### Given material
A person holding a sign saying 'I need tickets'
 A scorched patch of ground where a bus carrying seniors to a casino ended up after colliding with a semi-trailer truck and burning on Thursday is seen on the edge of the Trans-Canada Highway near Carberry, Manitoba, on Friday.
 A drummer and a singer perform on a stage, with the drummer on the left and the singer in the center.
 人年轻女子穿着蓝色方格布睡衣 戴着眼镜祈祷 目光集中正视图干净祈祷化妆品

### Problem to solve
The answer is a number alone: how many lines of the data contain the string "with"?

### Solution for this task
2